The fundamentals of
billing the practice of law will change if Alan Dershowitz and partners have their way;
Over the years, like any businessman, [David] Schottenstein has had a need of lawyers for routine issues. And each month, Schottenstein would get a bill in the mail from these lawyers. “Every time the bill came, it was like having a pit in my stomach,” he says. “I had no idea what I was in store for. I heard Darth Vader music in the background.” His lawyers would bill 50 hours for a task, when he would have told them to cap it at five. Sometimes he wondered if his lawyers simply looked at Schottenstein’s account at the end of each month and figured, “We didn’t hit him hard enough this month. He’s doing well.”

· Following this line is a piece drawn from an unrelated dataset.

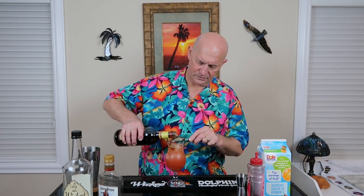Now what we're going to do is add our floater. There are a couple of things you can do to make sure the floater stays on top and doesn't mix in. One is to have enough ice in there so there's a little barrier of ice. And the other is to pour it on the back of the spoon — and then it's going to separate. And you can see what happens: you get that good separation of the floater from the rest of the cocktail.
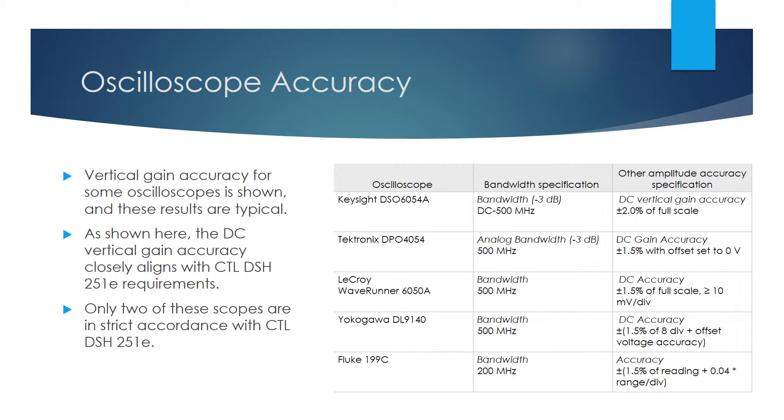This slide shows the vertical gain accuracy for a few scopes, and this information is typical of laboratory scopes, which in general are not accurate when used to read voltage. Four of the scopes here have DC accuracy in the 1.5–2% of full-scale range. The Fluke looks promising, as the error is a percentage of the reading, but on the ± 400 volt range, the overall error is ± 1.5% of reading ± 4 volts, which results in almost 10% error when reading 50 volts peak. Keep in mind that the voltage requirement of CTL DSH251E is ± 1.5% of full-scale, and please note that only two of these scopes are in compliance even with the relatively relaxed DSH251E tolerances for voltage measurement.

He fired three law firms before reaching out to a childhood friend from Columbus, Ohio, Robbie Friedman. Friedman had just left a big firm where he was unhappy and moved back to Columbus to hang out a shingle on a practice of his own. Schottenstein offered him a deal. He’d hire Friedman for all his legal work, but to avoid conflicts, Friedman would send him a list of everything he’d done, the hours spent, and the fees accrued. “That way I can tell you any time, stop doing whatever, shit’s out of control,” Schottenstein told his old friend.
“It worked like magic,” he says. Only, the process was slightly cumbersome for Friedman, who had to enter the data into an existing time system he used, and then re-send the data in an email. The two put their heads together to develop one system that would achieve both tasks, Viewabill.
Eventually interesting the famous lawyer in the product, even though he had to trade in his little black notebook for an iPad to use it. Now all they need are some customers.